De fato, no caudaloso romance (com 912 páginas, foi publicado no Brasil pela Alfaguara), Aue desfia uma crueldade inigualável. Intelectual, cita “O Banquete”, de Platão, com o mesmo informalismo com que pratica o ato de somar ao calcular o número de vítimas que morreram sob suas ordens. O mal em que ele confessa ter mergulhado não lhe provoca prazer. Aue descreve as atrocidades como se estivesse distante.
Homossexualismo
Tal figura complexa (em um dado momento, o carrasco confessa seu homossexualismo, que lhe deixa passivo diante da atração por outros homens) atraiu o ator Thiago Fragoso que, apesar de conhecido como galã de telenovela, cultiva uma desafiante carreira teatral, com montagens de autores como Sam Shepard e Tom Stoppard no currículo.

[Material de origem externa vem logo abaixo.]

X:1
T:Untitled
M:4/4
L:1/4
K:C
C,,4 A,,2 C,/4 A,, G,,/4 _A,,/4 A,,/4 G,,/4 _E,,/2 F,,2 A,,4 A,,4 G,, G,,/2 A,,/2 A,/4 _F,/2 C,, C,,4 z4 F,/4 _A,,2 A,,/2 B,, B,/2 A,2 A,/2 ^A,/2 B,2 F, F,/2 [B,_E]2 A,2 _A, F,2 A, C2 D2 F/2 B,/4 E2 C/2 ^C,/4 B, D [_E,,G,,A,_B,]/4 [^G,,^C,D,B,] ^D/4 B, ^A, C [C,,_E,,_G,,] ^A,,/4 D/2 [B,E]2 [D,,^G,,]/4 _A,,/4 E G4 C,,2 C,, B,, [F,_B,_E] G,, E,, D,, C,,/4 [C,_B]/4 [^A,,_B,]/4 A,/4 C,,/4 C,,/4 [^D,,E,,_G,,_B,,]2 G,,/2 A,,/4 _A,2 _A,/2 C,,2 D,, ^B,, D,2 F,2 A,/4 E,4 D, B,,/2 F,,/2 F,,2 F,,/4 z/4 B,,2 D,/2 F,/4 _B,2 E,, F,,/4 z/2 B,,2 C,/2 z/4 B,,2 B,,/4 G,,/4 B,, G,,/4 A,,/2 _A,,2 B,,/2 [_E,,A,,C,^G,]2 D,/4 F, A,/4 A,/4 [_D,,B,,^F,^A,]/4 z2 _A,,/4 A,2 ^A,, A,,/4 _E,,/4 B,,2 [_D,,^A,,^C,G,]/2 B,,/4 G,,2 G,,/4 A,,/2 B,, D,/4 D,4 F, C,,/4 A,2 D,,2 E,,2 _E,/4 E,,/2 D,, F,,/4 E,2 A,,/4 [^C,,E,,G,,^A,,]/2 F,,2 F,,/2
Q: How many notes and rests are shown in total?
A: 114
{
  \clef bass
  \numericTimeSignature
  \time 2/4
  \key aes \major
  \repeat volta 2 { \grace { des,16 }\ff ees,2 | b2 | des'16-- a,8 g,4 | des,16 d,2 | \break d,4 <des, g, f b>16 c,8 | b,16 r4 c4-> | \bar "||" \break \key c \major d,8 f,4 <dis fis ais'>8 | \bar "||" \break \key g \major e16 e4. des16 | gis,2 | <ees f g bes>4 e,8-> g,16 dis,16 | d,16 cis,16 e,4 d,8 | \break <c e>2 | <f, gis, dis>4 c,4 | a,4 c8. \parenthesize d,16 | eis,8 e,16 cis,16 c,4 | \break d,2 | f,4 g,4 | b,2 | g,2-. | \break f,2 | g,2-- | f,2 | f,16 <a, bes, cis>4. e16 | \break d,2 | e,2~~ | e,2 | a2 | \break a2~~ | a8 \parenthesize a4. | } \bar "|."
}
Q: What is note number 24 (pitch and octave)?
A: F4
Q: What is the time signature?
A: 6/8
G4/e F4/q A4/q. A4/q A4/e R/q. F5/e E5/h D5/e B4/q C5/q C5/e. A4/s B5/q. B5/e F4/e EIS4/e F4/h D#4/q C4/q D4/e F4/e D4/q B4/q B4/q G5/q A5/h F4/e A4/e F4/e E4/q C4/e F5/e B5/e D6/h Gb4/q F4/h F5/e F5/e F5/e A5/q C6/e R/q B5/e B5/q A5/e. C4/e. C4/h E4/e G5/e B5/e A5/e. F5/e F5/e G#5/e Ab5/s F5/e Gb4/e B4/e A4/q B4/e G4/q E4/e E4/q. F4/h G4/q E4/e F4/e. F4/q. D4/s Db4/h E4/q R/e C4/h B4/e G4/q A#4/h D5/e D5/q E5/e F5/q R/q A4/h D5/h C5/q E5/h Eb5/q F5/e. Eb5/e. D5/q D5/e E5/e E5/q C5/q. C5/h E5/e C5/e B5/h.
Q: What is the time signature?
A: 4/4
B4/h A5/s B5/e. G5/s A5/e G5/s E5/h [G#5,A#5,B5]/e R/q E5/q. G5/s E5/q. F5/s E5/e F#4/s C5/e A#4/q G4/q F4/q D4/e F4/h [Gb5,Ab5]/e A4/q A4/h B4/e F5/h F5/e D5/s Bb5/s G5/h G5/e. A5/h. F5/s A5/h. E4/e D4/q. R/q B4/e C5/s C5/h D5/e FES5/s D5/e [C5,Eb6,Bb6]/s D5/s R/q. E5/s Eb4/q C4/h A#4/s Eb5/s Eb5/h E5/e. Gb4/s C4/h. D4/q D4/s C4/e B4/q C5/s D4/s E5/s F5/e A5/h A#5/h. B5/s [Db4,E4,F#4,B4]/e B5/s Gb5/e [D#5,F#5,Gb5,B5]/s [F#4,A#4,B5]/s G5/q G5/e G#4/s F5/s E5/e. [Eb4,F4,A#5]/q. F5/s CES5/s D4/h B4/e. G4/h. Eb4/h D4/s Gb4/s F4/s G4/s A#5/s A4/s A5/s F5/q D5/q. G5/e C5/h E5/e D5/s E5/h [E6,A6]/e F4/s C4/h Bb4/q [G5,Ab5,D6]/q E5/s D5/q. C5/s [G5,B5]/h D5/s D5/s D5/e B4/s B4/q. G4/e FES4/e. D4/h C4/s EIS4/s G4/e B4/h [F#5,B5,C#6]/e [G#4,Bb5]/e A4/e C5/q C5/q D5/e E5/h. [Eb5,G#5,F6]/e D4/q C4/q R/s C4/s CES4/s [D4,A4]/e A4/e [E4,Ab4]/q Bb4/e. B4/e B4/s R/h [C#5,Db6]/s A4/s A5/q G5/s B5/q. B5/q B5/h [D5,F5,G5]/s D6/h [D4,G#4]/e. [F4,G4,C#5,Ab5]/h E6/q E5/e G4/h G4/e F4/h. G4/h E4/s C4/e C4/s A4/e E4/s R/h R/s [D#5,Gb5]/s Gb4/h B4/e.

“Aue nos permite pensar na banalidade do mal, algo que continua atual”, afirma ele que, para compor o personagem, mergulhou numa maratona de ensaios – primeiro no Rio, no ano passado, depois em São Paulo.
Tamanho esforço é físico e mental. Sozinho em cena, Fragoso monta aos poucos o cenário, formado por uma série de pilares de tamanho irregular, criado por Veronica Valle. “Trata-se, na verdade, de uma inspiração nas colunas que compõem o Museu do Holocausto, em Berlim”, conta Cruz que, para compor a trilha sonora, utilizou a mesma estrutura com que Littell constrói seu romance, ou seja, com os compassos e andamentos de uma ópera.
“Assim, a encenação também se divide em Toccata, Allemandes I e II, Courante, Sarabande, Menuet (en rondeaux), Air e Gigue”, afirma o encenador. “Aliás, no capítulo de abertura do livro, está o embrião da peça e percebi isso quando alertado por Marco Antonio Araujo, que assina a dramaturgia.”
EM SÃO PAULO
Teatro Arthur Rubinstein. Rua Hungria, 1.000. 6ª, 21h30; sáb., 21h; dom., 18h. R$ 60 / R$ 80. Até 28/2. Estreia 6ª (22/1).
Ulysses Cruz criou uma encenação sóbria, sem dispensar barbaridades do original (Aue reflete, por exemplo, sobre corpos de mulheres torturadas), mas traçando uma linha atemporal na narrativa. “O que perturba no texto é a proximidade com a nossa época”, afirma. “As atrocidades, a covardia, a arrogância daqueles tempos tenebrosos continuam presentes no nosso cotidiano. A maneira impiedosa com que alguns se comportam, em nome de uma suposta integridade, política, religiosa ou social, demonstra de forma inequívoca que os ‘escolhidos’ tratam o planeta como se fosse deles.”
E é significativo que a peça seja encenada em um teatro do clube A Hebraica. “Não houve nenhuma interferência da parte da direção, que não desconhece o teor do texto”, diz Cruz.